▶ **Exercise requirements**:
Look through the data below. Collect every line where the word "Grey" occurs.

Brief descriptive captions
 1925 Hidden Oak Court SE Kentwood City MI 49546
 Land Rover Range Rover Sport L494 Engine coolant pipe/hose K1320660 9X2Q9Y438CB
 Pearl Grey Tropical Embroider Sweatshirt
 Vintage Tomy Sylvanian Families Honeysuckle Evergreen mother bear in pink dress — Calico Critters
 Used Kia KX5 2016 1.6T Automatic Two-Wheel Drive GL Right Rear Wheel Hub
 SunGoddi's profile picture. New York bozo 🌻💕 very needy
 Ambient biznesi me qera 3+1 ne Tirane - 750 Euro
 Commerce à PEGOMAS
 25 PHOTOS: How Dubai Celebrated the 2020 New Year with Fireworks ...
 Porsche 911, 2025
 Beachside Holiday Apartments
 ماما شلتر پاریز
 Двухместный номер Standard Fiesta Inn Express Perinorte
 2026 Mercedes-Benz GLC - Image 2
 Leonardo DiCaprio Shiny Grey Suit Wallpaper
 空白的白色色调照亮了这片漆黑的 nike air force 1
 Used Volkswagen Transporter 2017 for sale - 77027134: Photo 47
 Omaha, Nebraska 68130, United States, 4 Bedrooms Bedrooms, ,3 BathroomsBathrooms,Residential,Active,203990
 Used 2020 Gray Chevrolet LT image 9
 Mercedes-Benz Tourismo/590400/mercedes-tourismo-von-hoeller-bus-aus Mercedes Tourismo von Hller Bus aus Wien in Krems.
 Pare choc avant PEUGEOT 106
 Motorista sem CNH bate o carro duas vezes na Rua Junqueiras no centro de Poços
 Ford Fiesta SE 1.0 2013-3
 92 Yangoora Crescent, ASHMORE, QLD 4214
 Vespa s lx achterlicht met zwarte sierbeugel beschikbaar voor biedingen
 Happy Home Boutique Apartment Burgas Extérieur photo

▶ **Answer section**:
 Pearl Grey Tropical Embroider Sweatshirt
 Leonardo DiCaprio Shiny Grey Suit Wallpaper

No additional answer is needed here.